*** SUPPLIED INFORMATION ***

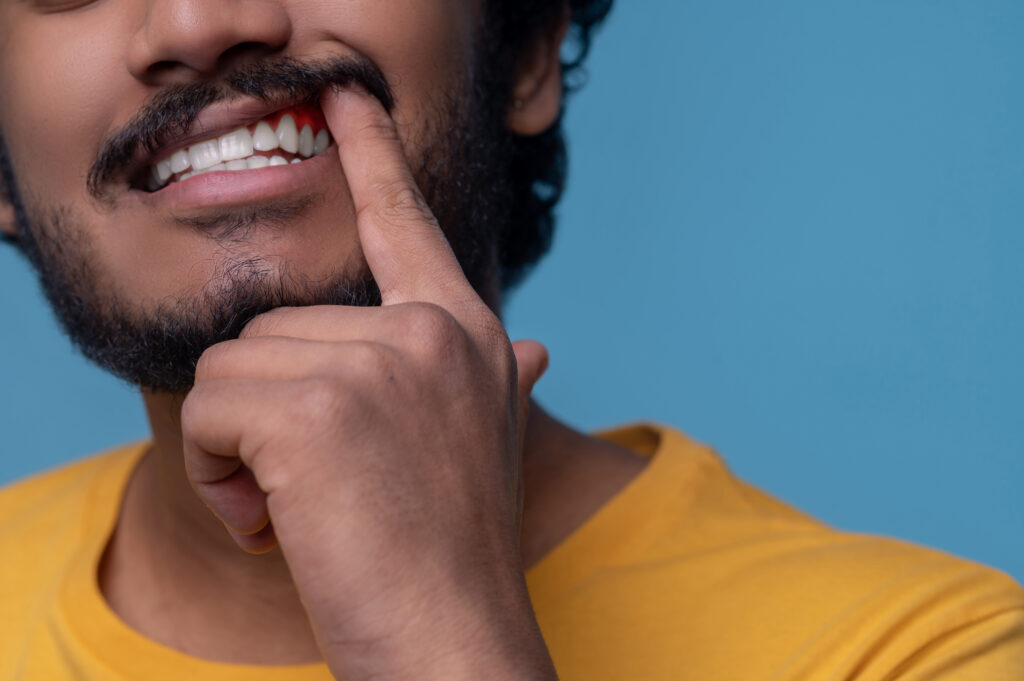 التهاب عصب الأسنان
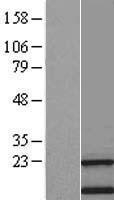 NBL1-17012 - transmembrane protein 138 Lysate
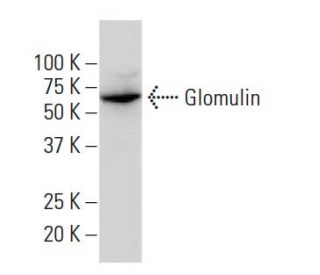 Glomulin Antibody (YY-Z) - Western Blotting - Image 34126 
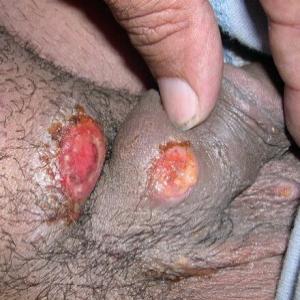 Choroby weneryczne zdjęcia ziarniniak pachwinowy 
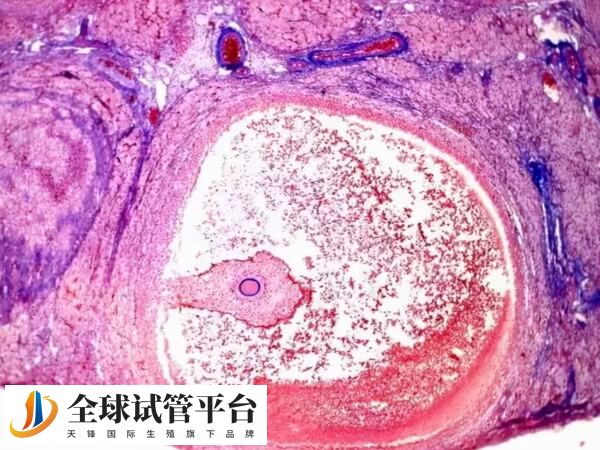 空卵泡中没有可用卵子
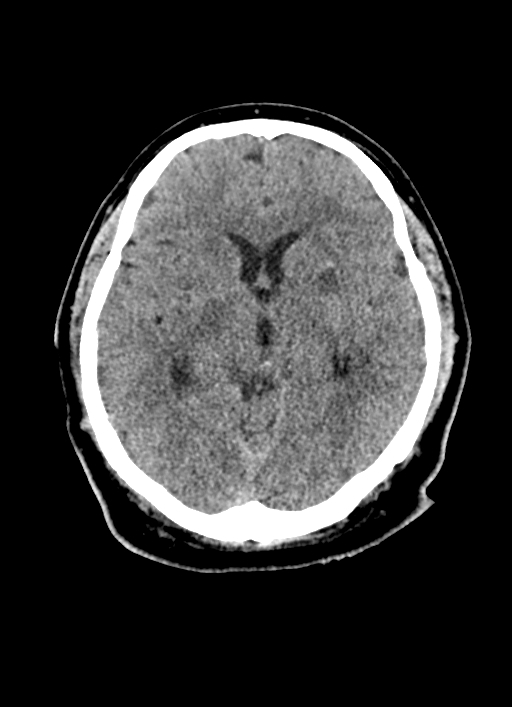 Brainstem hemorrhage (Radiopaedia 81294-94976 Axial non-contrast 34).jpg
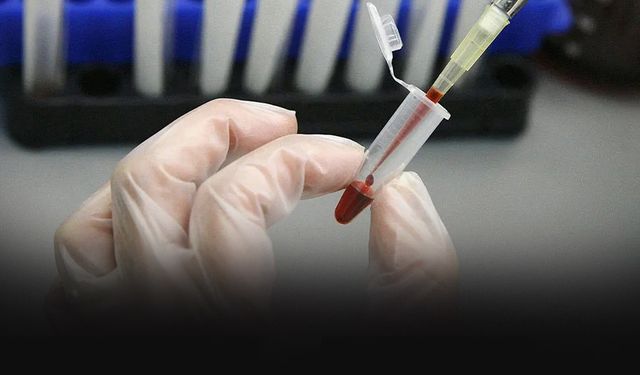 İzmir İl Sağlık Müdürlüğünden HIV açıklaması... "İstismar bulgusuna rastlanmamıştır"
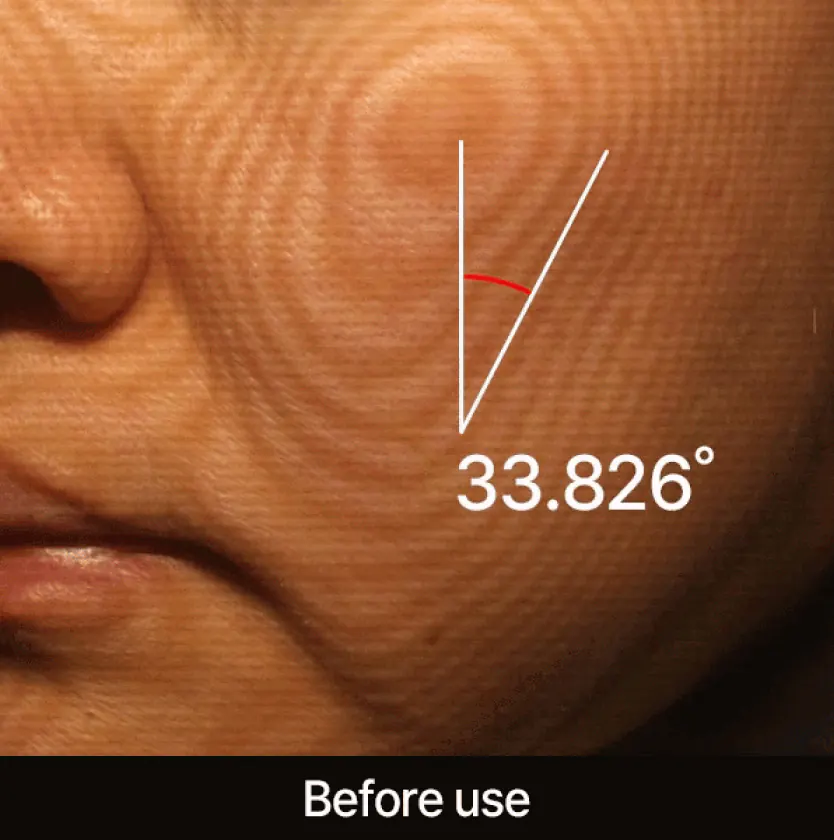 Лифтинг-эффект после маски APOTHE Red Capsule Pro-Collagen Lifting Mask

*** End of SUPPLIED INFORMATION ***

WORK REQUEST = Please output all the records above exactly, leaving out every picture.

SOLUTION TO THE PROBLEM =
 التهاب عصب الأسنان
 NBL1-17012 - transmembrane protein 138 Lysate
 Glomulin Antibody (YY-Z) - Western Blotting - Image 34126 
 Choroby weneryczne zdjęcia ziarniniak pachwinowy 
 空卵泡中没有可用卵子
 Brainstem hemorrhage (Radiopaedia 81294-94976 Axial non-contrast 34).jpg
 İzmir İl Sağlık Müdürlüğünden HIV açıklaması... "İstismar bulgusuna rastlanmamıştır"
 Лифтинг-эффект после маски APOTHE Red Capsule Pro-Collagen Lifting Mask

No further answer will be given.